The first and third sets are both from the PCI-e subsystem directly. Both are talking about corrected errors. I have dealt with these types of errors before, and I can say from experience that they almost always indicate a hardware issue of some sort (though it may not be bad hardware). The standard procedure I use when I come across this type of error is:

  • Double check that there are no missing heatsinks, that all the fans are running correctly, and that there is no dust buildup.
  • For each add-in card (not only the one showing the problems), remove the card and do the following (replacing the card if it fails at any point):
    • Inspect the contacts on the edge of the card for signs of corrosion or damage.
    • Inspect any electrolytic capacitors for signs of leakage.
    • Inspect any plastic cased components for signs of melting.
    • Inspect the whole board for burn marks, unusual discoloration, or other damage.
    • Verify that the board doesn't smell unusual, preferrably shortly after it's been powered. An odd smell is usually indicative of leaking capacitors or overheated components, and will usually be present even if there is no visible indication of such problems.
    • Inspect the slot on the mainboard from which the card was removed, looking for evidence of bent contacts, corrosion, or melting (a good magnifying glass is useful for this).
  • Double check the mainboard itself just like for the cards. If it fails to pass inspection, replace it.
  • Verify that the power supply has a sufficiently high rating for the system, and that it's actually supplying correct voltages. You can do a quick check for an unloaded power-supply having the correct voltages with just a simple DC multimeter. Checking that the rails don't sag when the PSU is loaded is a bit trickier, but a lot of good motherboards will have voltage monitoring built-in that you can check from the firmware setup menus.
  • If you have access to a thermal camera (a real one, not the gimmicky smartphone apps that simulate one), check the inside of the system while it's running. No single spot should show a temperature above about 85 celsius (this is the standard upper temperature limit for most consumer electronics).

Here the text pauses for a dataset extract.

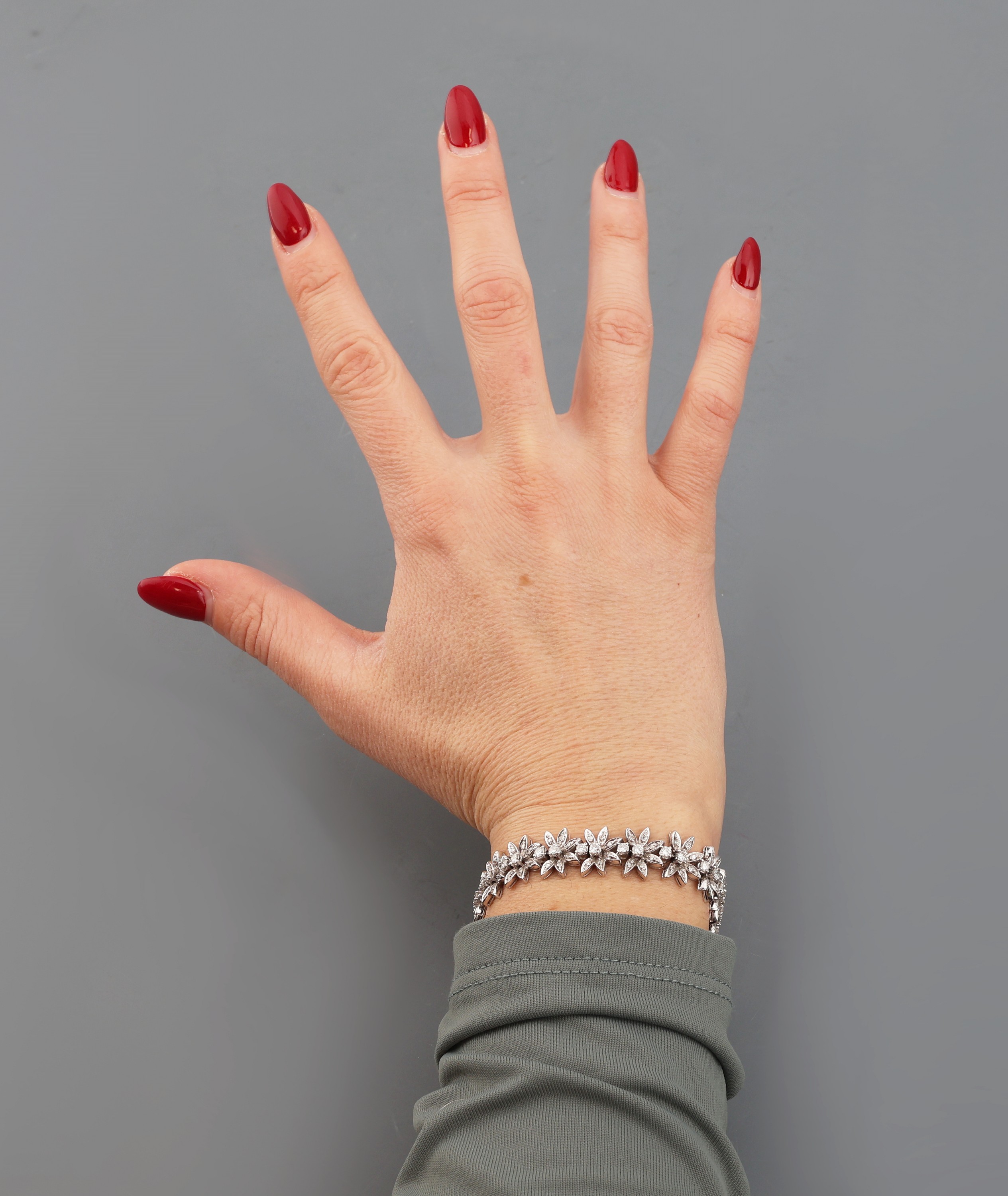 Detail d: 18 kt Gold Diamant-Armband, WG 750/000 gepr., 40 Brillanten und 120 8/8-Diamanten zus. ca. 2.60 ct Weiß/vs-si, L. ca. 18 cm, Kastenschloss mit ...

On the plus side, you can be reasonably certain that the issue is specific to either the PCI express subsystem (and therefore is either a bad card or a bad mainboard), the power supply (though this is unlikely, if it were your power supply, you would probably be seeing other symptoms), or the firmware on the motherboard.

0

Some things to try to diagnose the problem. Load a different OS and see if the same errors pop up.(software problem) Try booting the old OS without some of the PCI cards.(hardware) Try rolling back the bios and see if the errors go away.(firmware) One of these will eliminate the error and then you will know what part of your machine was having issues. Keeping a list of the errors and seeing which errors go away or stay with the different changes can help you diagnose if you have multiple problems or only one. This one happens roughly 50% of the time on boot That makes it seem like it could be a hardware problem to me. Try opening the box and checking for loose cards/cables. Cleaning up any dust or running your setup in a cooler environment will all have positive effects on your experience. Good luck!